CBS News Anchor Katie Couric reports the city of Port-au-Prince is much livelier today. Vendors sell their wares on the traffic-choked streets. Everywhere you look, the buildings are in various states of destruction.
Eduardo Almeida is the head of the Inter American Development bank in Haiti -which is playing a major role in rebuilding efforts.
At the Presidential Palace, Couric asked, "why is it still standing, dilapidated, but still standing?"
"This disaster was one of the largest in the world," Almeida said. "Everybody's trying to reorganize, restructure it, in order to respond accordingly."
In Port-au-Prince infrastructure is an oxymoron. Buildings lie in ruins and rubble is everywhere. Recently, President Preval said it will take at least three years to remove all the debris and only after that he said, can Haiti begin to rebuild.
Katie Couric in Haiti Photos
Haiti's Long Road Back
Almeida says one major problem is that there is no infrastructure in place to deal with the crumbling infrastructure.
"We don't have companies here. We don't have equipment here," he said.
Couric met Bob Berkebile when she arrived in Haiti. Berkebile's an architect involved the effort to rebuild New Orleans. He blames inadequate building codes for the scope of the devastation in Haiti.
"The critical issue now is get appropriate codes to be created and embraced by the government before all the reconstruction begins," Berkebile said.
There are places where the sound of hammers and drills penetrate the hot Caribbean air.
There are 47 temporary schools being built in a matter of weeks, so 65,000 children can continue their educations.
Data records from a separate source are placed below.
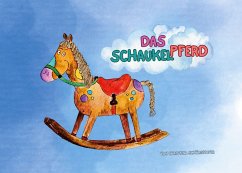 Cover Das Schaukelpferd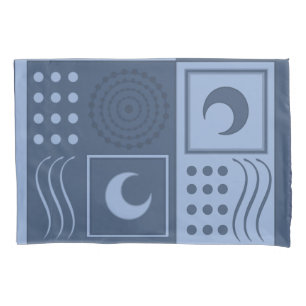 Rever 3 pillow case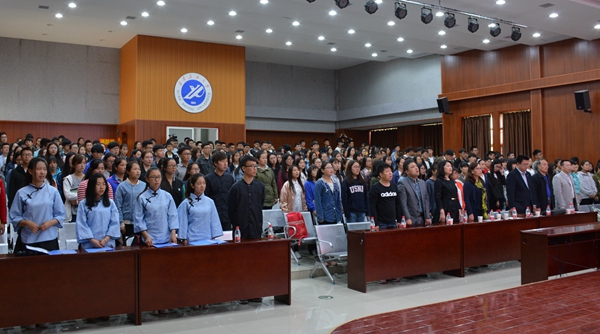 反打_3438 - 副本.JPG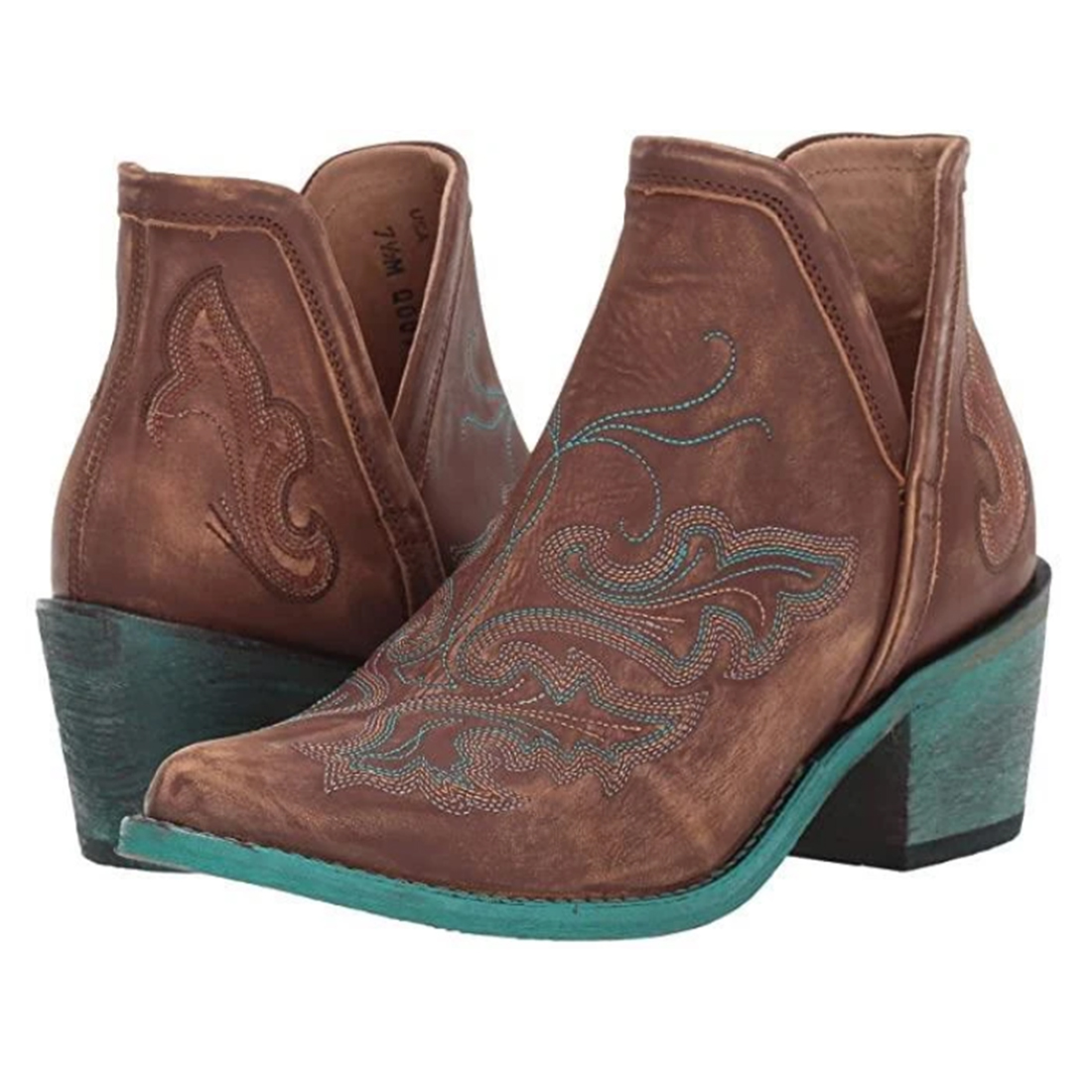 Venta al por mayor corto botas vaqueras para mujeres-Compre online los  mejores corto botas vaqueras para mujeres lotes de China corto botas  vaqueras para mujeres a mayoristas | Alibaba.com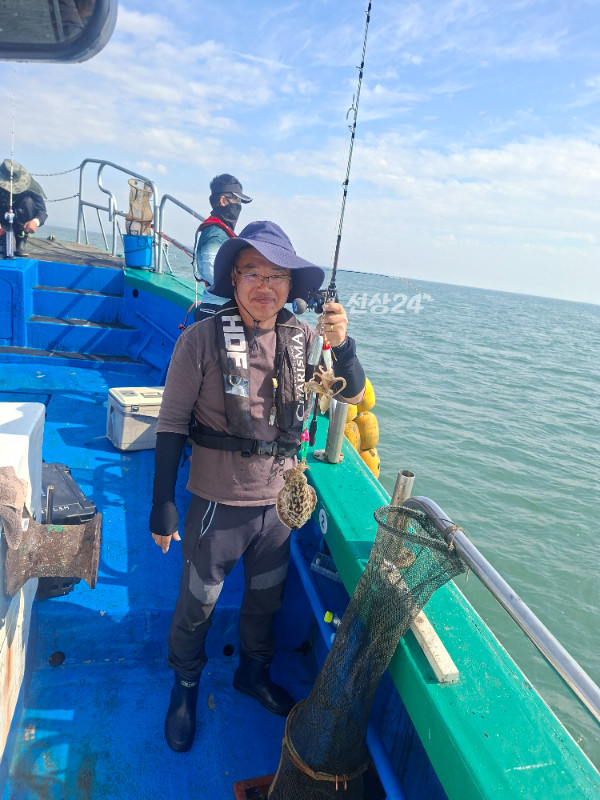 KakaoTalk_20261011_161051940_05.jpg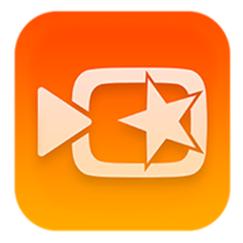 星爱视频最新版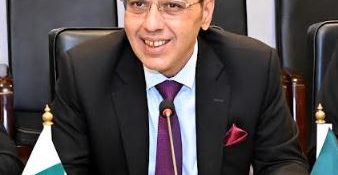 RCCI urges FBR to extend tax return filing deadline amid IRIS system issues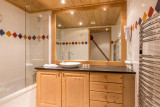 _clients_227344005_photos_22435g_23603772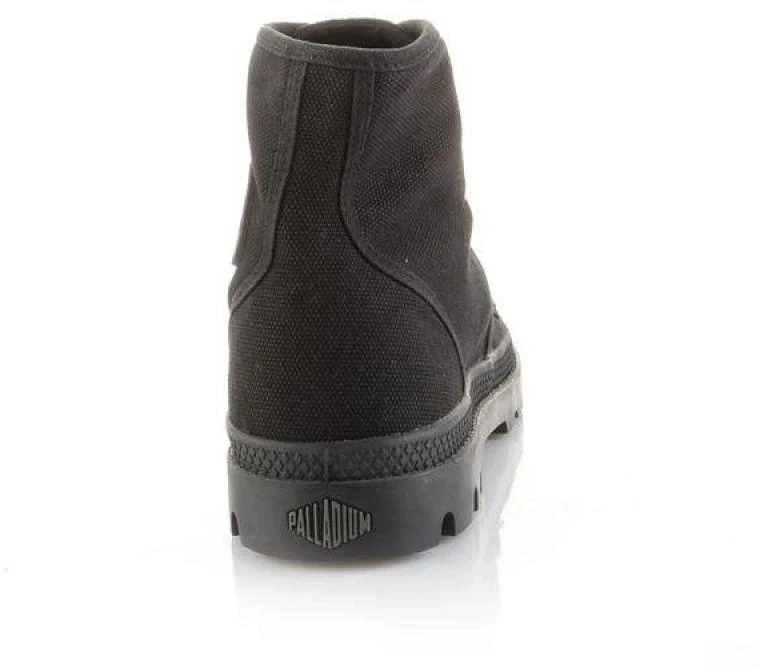 Palladium Pampa Hi M 02352-060 batai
The buildings will be replaced by permanent structures in two years. It is a bittersweet job. Two hundred high school students were killed on one site.
There are other pockets of hope, rising from the ashes. In the town of Leogane, an hour south of Port-au-Prince, a Haitian construction crew is building a new church around the surviving altar.
Further south, in the town of Grand Goave, young volunteers from an organization called "A Roof for my Country" are building what they call temporary homes.
But for Iloria, who has always lived in a shack - it's a dream house.
"This house is better than another shelter so when the rain starts and the wind comes, it's better to be in these kinds of houses," she said.
Ideally, planners would like more people to move into towns outside of Port-au-Prince - built for 500,000 - they're now bursting at the seams with 3 million.
They hope that tents on the outskirts of the city will encourage a mass exodus so rebuilding will be easier. The concept is called "decentralization." But getting people to move will require incentives: namely jobs - through tourism, building more garment and textile factories, and increasing agricultural exports like mangos - a plentiful but largely wasted resource.
While parts of Haiti resemble ancient Greece, rebuilding it will take a Herculean effort. This isn't just about rebuilding structures - it's about restructuring an entire society.
"Do you ever feel just, do you ever get demoralized and feel hopeless about this huge endeavor?" Couric asked.
"We don't have time to feel like depressed and disappointed," Eduardo Almeida replied. "We have to understand that each one of us, and each one of our institutions, are here to put a stone in the wall that's going to be built."